Sept ans après la fin de sa série Long John Silver, Mathieu Lauffray continue de plus belle son exploration de l’univers des pirates avec Raven, une bande dessinée librement inspirée de la nouvelle Black Vulmea’s Vengeance de Robert E. Howard.
1666. La Jamaïque est tombée aux mains des Britanniques et partout, les nations se battent pour imposer commerce ou religion. À la recherche d’or et de gloire, Raven déteste les lois, l’autorité, et les aristocrates, avec ou sans perruques. Ayant miraculeusement survécu à la destruction du Flying Dragon après que son capitaine, un certain Black Vane, ait décidé d’attaquer un galion espagnol beaucoup plus puissant que son propre bateau, il est le seul des 300 membres d’équipage à regagner l’Île de la Tortue, le repaire des pirates écumant les mers des Caraïbes. Loin d’être accueilli en héros, il est plutôt perçu comme un oiseau de malheur, et à cause de sa mauvaise réputation, plus aucun flibustier ne veut s’associer à lui. Apprenant l’existence d’un fabuleux trésor caché à Morne au Diable, une île inhospitalière supposément peuplée de cannibales, Raven décide, bien qu’il ne possède ni compagnons ni navire, de tenter sa chance et de mettre la main sur le butin, mais il devra agir vite, puisque Lady Darksee, une corsaire considérée comme la « tigresse des tropiques », a elle aussi des visées sur le magot.
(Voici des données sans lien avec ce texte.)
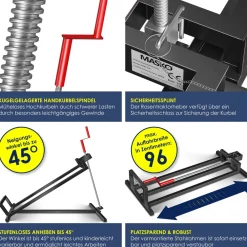 ® XXL Rasentraktorheber 450 kg Hebevorrichtung Hebebühne Aufsitzmäher – Rasentraktor Heber, 45° verstellbar, universal Reinigungshilfe mit Zubehör & Adapter (je nach Wahl) ^ MASKO Clearance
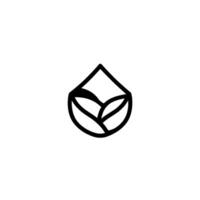 Abstract, minimalist featuring a stylized, geometric leaf or plant form within a teardrop or dropletshaped outline, monochrome aesthetic. vector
À l’image du Seigneur des anneaux pour la fantasy, on dirait que tous les codes des histoires de pirates ont été établis en 1883 par L’Île au trésor. Mathieu Lauffray s’est d’ailleurs fait connaître avec Long John Silver, une série continuant les aventures du célèbre personnage à la jambe de bois du roman de Robert Louis Stevenson, et le bédéiste poursuit son exploration de cet univers avec Raven, un album inspiré d’une nouvelle de Robert E. Howard, le créateur de Conan le Cimmérien. Tout en reprenant la plupart des clichés du genre (port d’attache des corsaires sur Tortuga, trésor enfoui sur une île dangereuse, ravissante fille du gouverneur, etc.), Lauffray apporte aussi sa touche personnelle, tout d’abord à travers son antihéros, qui déteste les contraintes au point de devenir persona non grata même parmi les hors-la-loi, mais également avec Lady Darksee, la capitaine de son propre bateau et une flibustière autant redoutée que n’importe quel bandit masculin, ce qui est plutôt rare.
Depuis le temps qu’il dessine des histoires de pirates, Mathieu Lauffray maîtrise à fond l’imagerie associée au genre, avec ses navires arborant le drapeau noir orné d’une tête de mort, ses capitaines édentés à la mine patibulaire, ses combats au sabre et ses bandits dont les yeux s’écarquillent de convoitise devant un trésor. Il utilise un procédé fort répandu dans les comics américains du « Silver Age » pour Raven, qui débute au beau milieu de l’action avant que le récit ne revienne quelques jours plus tôt afin de relater les événements ayant mené le héros dans cette fâcheuse position. Ses illustrations sont riches et spectaculaires, et il étale souvent sur deux pages ses panoramas grandioses, comme l’abordage d’un galion espagnol, un paysage majestueux de l’Île de la Tortue, ou l’éruption d’un volcan. Il oppose parfois les éléments, en plaçant par exemple un navire enflammé sur la mer, et sa palette, très aquatique, contient beaucoup de bleu, de turquoise, et de vert bouteille.
Sans trop s’éloigner des canons du genre, Mathieu Lauffray réussit à renouveler la classique histoire de pirates avec Raven, une bande dessinée proposant de la grande aventure, des antihéros synonymes de liberté, et une quête périlleuse à la recherche d’un trésor maudit.
Raven, Tome 1: Némésis, de Mathieu Lauffray. Publié aux éditions Dargaud, 56 pages.